Meet Fatty Made A Funny: A 36 year old wife of the hunk of my dreams and mother to the 2 coolest boys in the South! Born and raised in the great state of Texas and living just outside of San Antonio in the Hill Country. I run the family business with my father and all the stress that comes with it. I'm a little too loud and a little too opinionated and way to fluffy, but I'm working on the fluff and hey - 2 out of 3 ain't bad.
You know how many people in my daily life know how much I weigh? 4, maybe 5 - and that includes my husband and my mother.
You know how many people in my daily life know that I have spent most of my life secretly binge eating? 2 - my husband and my mother.
You know how many people in my life know the pain that comes with every bite of food I have? None.
You know how many of my tweeps and blends know these things about me? Anyone who has or ever will seen my tweets or read my blog.

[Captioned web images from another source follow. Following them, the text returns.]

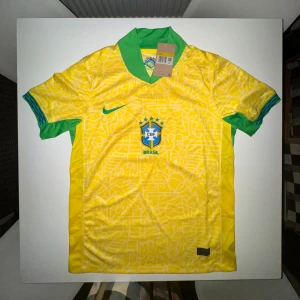 Nike x Brasilien fotbollströja - Säljer en officiell Brasilien fotbollströja från Nike i storlek S. Tröjan är gul med gröna detaljer och har ett unikt grafiskt mönster över hela tyget. Klassisk krage i grönt, CBF-emblem på bröstet och Nike-logga. Tillverkad i lätt och ventilerande material.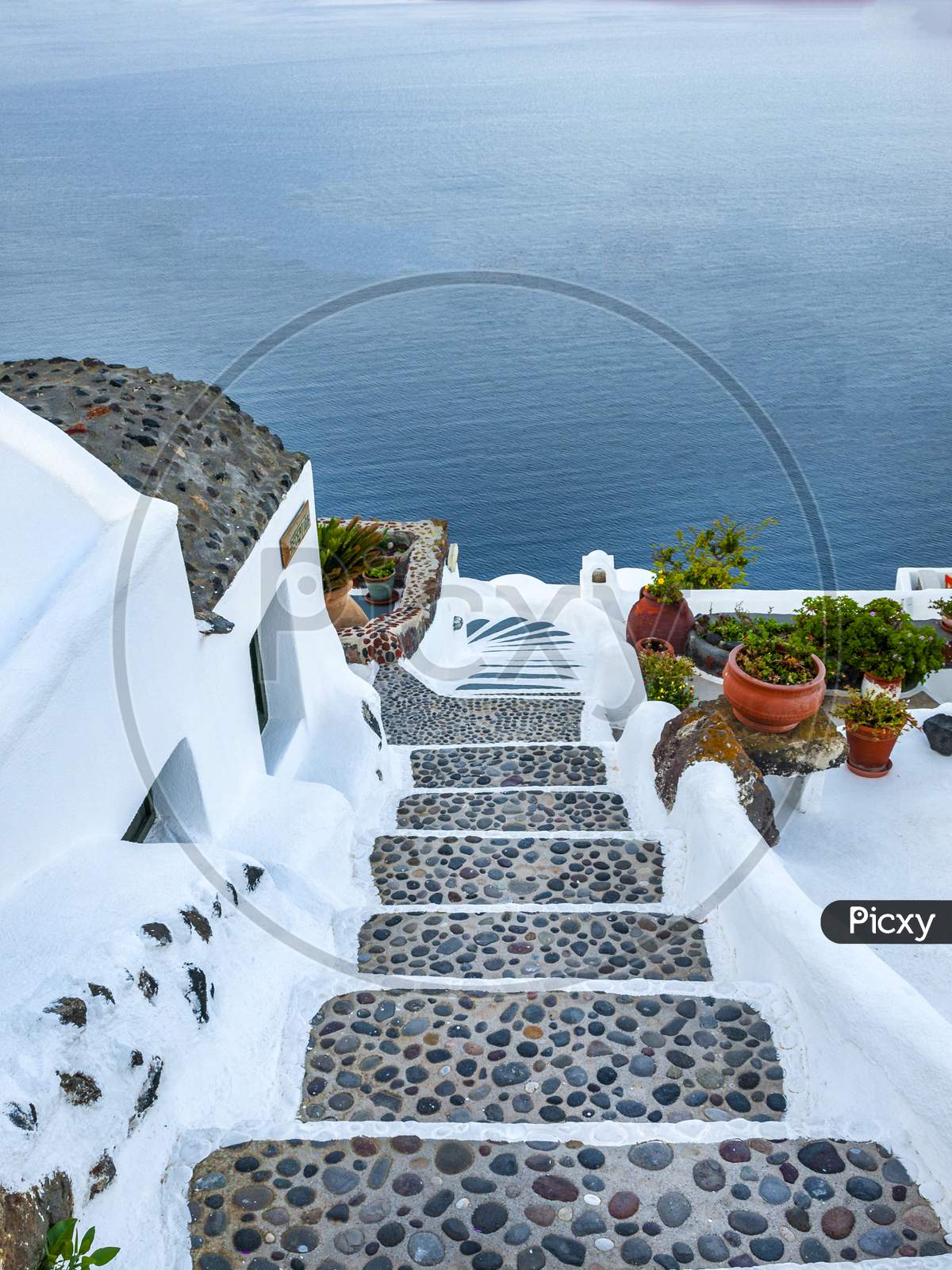 Santorini showing steps leading down to apartments.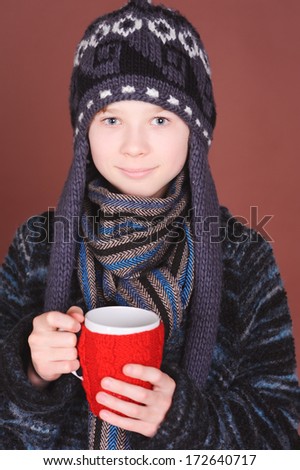 Kid boy wearing winter clothes, holding knitted cup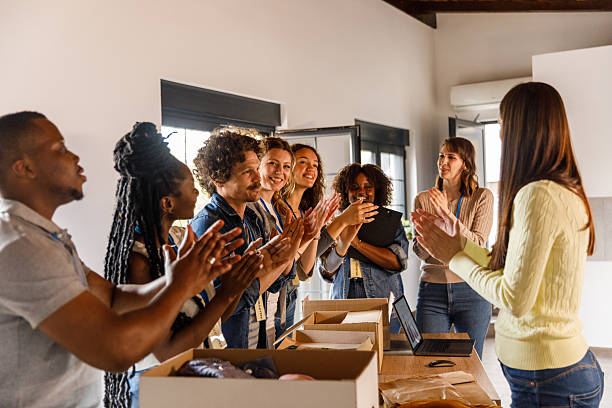 istock Group of volunteers applauding after successfully preparing donations 2246011015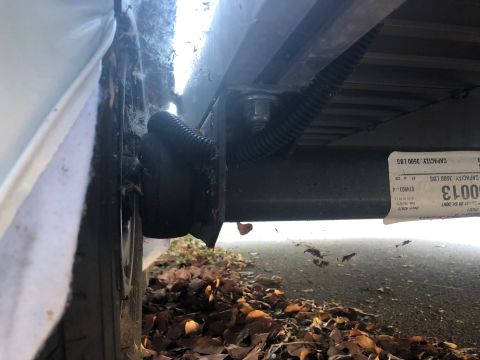 1992 Jeep Wrangler - A close-up, low-angle view shows the underside of a trailer frame with a tire and a black bellows boot visible on the left. A label on the…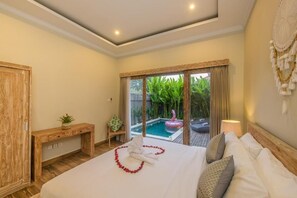 Ein Hotelzimmer mit einem Bett, einem Holztisch, einem kleinen Tisch mit einer Pflanze, einem großen Fenster mit Blick auf einen Swimmingpool und Grünflächen sowie einem Wandbild.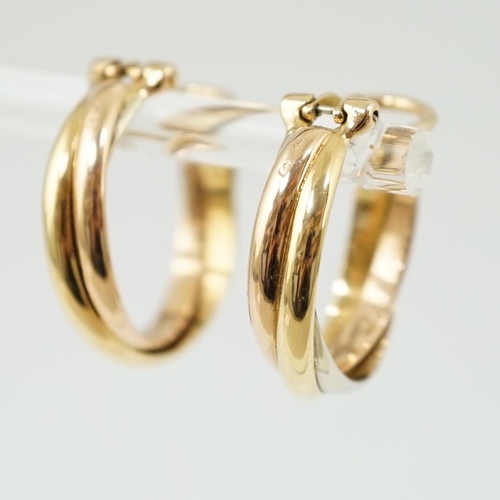 505 - A pair of French Cartier three colour 18ct gold interwoven hoop ear clips, signed and numbered 03074...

There seems to be a little disconnect in my life - how about yours?
Are you fully honest with the people in your daily life? Are you one person off-line and another on-line?
I can honestly say I am the same person on and off, but I know I am not fully forth coming in my daily life. Why is it so hard to be completely honest with the people closest to you? Why is it so easy to share such intimate information with people whose eyes you have never looked in to, whose hands you have never shook?
Is it fear? I think so, at least partially. Fear of what will be said, fear of seeing an expression of disgust or pity. If it turns in to a bad situation, or a painful situation I fear I will have to relive the pain every time I come in contact with that person.
Is it vanity? Possibly, for me probably. I imagine it seems odd for a person who started this journey at 365 pounds to have any vanity at all - but I do. You'd have to be blind to not know I am fat, but there is some place deep down inside me that believes something isn't 100% true until it is spoken. We used to have a dog that would cover her eyes with her paws when she was being scolded - if she couldn't see you, surely you couldn't see her - apparently I spent a little too much time with the family pets.
Is it shame? Definitely. I have so much shame packed so deeply into my body that actually speaking those words makes me physically ill. Admitting what I have done to myself, knowing how they think I've gotten here - it is just too much handle. I am ashamed of not having anymore self control than I do. I am ashamed of not caring enough about myself to want more. I am just ashamed.
I don't know why it is so much easier here, with all of you - but I know how much it means to me.
I haven't shook the hands of any of my tweeps or blends (not yet anyway), but your comments and support and words of encouragement mean as much to me as a hug by my best friend.
Do the people in your daily life know the whole truth about who you are? If they do - bravo to you! And if they don't - what keeps you from sharing with them?